(Beginning of Exercise data)

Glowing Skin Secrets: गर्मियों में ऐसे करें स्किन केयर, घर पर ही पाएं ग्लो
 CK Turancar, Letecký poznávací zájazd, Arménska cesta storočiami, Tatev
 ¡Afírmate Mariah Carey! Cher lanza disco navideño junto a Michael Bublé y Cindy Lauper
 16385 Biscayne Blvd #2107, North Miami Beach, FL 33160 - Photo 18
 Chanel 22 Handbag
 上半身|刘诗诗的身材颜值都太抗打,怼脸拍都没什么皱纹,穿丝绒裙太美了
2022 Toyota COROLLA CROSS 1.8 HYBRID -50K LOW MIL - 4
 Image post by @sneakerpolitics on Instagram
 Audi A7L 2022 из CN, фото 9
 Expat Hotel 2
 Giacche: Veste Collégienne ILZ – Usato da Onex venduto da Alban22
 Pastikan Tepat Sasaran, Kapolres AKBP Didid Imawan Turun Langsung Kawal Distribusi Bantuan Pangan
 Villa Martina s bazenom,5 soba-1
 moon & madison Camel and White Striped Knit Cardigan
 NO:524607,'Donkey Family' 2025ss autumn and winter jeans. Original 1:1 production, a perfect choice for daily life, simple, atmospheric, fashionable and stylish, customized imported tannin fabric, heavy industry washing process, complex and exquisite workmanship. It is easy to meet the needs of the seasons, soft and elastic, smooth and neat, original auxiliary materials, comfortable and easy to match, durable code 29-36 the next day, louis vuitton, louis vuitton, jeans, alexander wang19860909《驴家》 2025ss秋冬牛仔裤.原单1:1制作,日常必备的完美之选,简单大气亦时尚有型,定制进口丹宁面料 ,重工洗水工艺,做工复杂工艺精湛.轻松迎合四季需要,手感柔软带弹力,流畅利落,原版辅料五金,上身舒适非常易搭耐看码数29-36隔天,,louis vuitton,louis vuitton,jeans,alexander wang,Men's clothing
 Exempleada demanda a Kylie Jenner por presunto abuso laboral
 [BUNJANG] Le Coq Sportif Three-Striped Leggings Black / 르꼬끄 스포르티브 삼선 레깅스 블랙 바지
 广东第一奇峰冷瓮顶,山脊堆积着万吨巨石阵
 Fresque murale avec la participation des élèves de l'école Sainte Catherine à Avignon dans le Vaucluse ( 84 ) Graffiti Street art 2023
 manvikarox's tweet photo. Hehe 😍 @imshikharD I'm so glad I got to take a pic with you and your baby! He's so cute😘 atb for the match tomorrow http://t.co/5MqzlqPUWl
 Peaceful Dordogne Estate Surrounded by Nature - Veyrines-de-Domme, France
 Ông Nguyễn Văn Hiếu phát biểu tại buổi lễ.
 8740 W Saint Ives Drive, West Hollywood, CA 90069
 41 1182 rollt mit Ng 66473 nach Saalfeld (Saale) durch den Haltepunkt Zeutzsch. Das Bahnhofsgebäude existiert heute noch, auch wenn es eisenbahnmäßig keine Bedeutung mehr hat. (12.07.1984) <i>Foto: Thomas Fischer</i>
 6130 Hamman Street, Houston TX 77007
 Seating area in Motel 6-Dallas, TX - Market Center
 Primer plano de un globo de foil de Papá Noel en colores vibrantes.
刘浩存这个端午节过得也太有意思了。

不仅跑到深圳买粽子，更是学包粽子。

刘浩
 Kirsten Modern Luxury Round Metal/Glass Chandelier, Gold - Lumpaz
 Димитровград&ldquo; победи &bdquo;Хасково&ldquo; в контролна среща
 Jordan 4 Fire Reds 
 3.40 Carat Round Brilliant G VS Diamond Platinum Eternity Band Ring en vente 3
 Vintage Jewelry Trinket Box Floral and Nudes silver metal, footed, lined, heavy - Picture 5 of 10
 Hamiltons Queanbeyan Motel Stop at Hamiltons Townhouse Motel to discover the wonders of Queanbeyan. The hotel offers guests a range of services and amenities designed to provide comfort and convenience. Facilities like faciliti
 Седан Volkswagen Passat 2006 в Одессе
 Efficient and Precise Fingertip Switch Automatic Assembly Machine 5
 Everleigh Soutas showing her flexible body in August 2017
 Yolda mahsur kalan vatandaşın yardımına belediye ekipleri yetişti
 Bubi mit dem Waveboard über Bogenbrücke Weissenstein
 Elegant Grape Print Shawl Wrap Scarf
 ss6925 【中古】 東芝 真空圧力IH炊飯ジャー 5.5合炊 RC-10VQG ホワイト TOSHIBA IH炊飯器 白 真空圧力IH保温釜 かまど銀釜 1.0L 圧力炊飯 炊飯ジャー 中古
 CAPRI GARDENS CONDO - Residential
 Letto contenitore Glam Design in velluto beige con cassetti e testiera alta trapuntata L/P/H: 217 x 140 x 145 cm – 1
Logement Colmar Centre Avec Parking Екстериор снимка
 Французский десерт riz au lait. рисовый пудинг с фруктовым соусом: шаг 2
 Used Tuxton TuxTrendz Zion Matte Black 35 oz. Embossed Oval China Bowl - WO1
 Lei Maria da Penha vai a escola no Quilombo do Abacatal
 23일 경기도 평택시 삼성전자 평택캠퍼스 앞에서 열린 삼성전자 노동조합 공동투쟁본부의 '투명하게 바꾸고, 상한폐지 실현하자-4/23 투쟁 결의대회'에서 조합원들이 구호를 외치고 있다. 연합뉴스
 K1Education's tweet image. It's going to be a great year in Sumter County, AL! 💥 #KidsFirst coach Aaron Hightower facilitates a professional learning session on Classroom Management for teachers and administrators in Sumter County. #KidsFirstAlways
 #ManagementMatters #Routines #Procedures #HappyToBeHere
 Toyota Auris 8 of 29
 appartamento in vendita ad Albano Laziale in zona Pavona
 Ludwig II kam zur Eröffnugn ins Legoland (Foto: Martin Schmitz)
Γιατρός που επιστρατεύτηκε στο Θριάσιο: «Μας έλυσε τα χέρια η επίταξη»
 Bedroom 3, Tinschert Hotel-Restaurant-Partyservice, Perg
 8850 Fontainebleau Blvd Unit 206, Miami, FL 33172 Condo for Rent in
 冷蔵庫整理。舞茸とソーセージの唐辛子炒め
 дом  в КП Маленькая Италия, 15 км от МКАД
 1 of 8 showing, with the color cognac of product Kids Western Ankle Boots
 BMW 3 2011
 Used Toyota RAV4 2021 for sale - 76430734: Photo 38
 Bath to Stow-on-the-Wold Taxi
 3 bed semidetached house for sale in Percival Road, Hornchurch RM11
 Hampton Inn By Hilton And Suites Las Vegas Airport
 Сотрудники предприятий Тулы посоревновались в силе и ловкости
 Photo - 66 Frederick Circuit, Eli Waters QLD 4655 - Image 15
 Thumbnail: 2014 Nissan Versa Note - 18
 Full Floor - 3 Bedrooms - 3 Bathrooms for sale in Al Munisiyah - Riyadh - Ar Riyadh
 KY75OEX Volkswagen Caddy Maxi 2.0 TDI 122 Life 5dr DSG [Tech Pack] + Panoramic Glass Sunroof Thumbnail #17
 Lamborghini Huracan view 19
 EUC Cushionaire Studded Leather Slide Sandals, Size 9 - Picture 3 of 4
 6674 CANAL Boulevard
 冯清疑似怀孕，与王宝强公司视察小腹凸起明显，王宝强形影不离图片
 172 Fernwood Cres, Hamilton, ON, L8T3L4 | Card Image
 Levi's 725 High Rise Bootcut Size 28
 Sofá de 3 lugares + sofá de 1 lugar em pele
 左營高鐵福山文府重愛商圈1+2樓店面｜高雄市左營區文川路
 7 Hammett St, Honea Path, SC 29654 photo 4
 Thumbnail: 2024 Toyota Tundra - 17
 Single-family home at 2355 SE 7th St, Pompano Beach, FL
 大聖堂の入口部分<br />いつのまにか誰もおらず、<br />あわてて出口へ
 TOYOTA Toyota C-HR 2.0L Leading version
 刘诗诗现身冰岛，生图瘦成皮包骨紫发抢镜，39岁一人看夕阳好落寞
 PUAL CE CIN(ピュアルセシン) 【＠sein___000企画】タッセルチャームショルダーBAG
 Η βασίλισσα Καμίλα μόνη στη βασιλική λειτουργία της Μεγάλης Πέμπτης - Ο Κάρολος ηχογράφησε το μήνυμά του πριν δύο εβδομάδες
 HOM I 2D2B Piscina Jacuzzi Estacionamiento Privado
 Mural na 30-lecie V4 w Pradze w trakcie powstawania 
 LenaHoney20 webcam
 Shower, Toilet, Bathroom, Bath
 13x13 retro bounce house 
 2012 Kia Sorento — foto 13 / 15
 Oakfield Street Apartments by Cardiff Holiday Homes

(End of Exercise data)

Exercise prompt:
Retype only this portion of the data above: the line containing "左營高鐵福山文府重愛商圈1+2樓店面｜高雄市左營區文川路", the line containing "刘诗诗现身冰岛，生图瘦成皮包骨紫发抢镜，39岁一人看夕阳好落寞", and all lines between them, exactly.

Result of this task:
 左營高鐵福山文府重愛商圈1+2樓店面｜高雄市左營區文川路
 7 Hammett St, Honea Path, SC 29654 photo 4
 Thumbnail: 2024 Toyota Tundra - 17
 Single-family home at 2355 SE 7th St, Pompano Beach, FL
 大聖堂の入口部分<br />いつのまにか誰もおらず、<br />あわてて出口へ
 TOYOTA Toyota C-HR 2.0L Leading version
 刘诗诗现身冰岛，生图瘦成皮包骨紫发抢镜，39岁一人看夕阳好落寞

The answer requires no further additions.